# Integrate Torque along a boundary

Hi I am solving some fluid equation with some embedded inclusion, and I would like to find the force and torque on this object. The inclusion is a polygon and the boundary of this inclusion is marked with

s0.mark(boundaries, 0)

ds = Measure(“ds”)[boundaries]

The unit normal vector is denoted by s0.mx, s0.my.

I solved the equation

solve(F_nematic==0, wn)

which basically gives me the (2D) stress tensor T.

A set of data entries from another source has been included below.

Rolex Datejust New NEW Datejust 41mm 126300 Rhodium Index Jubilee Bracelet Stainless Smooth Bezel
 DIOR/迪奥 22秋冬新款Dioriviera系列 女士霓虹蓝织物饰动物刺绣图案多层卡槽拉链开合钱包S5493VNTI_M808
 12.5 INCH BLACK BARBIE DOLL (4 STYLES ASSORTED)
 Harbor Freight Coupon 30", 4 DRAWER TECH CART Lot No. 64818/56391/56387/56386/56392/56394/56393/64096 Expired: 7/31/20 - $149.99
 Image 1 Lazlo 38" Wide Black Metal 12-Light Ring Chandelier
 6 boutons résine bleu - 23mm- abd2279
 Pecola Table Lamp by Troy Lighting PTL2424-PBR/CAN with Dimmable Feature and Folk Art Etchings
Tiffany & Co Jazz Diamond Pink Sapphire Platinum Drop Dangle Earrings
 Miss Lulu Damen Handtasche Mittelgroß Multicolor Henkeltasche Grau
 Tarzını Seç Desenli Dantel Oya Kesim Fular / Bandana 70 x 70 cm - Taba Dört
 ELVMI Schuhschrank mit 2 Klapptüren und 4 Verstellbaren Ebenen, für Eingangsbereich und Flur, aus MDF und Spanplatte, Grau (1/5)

I know how to find the force on the inclusion, for example the force in x direction is given by

fx = - (Txx * s0.mx + Txy * s0.my) * ds(0) + …

solve(F_nematic==0, wn)
Fx = assemble(fx)

However I am not sure how to find the torque on this inclusion with respect to its center of mass(whose coordinate is given) since I am not sure how to include the position vector of the points on boundary in the integral. I wonder what I need to do.

Thanks!

You could compute the center off mass using `SpatialCoordinates`.
See for instance this shape optimization demo
which computes the barycenter of an obstacle in a channel (0,0)x((L/H) by:

``````(x,y) = SpatialCoordinate(mesh)
Bc1 = (L**2*H/2 - assemble(x*dx(domain=mesh))) / (L*H - Vol)
Bc2 = (L*H**2/2 - assemble(y*dx(domain=mesh))) / (L*H - Vol)
``````

Then in turn you can compute the torque.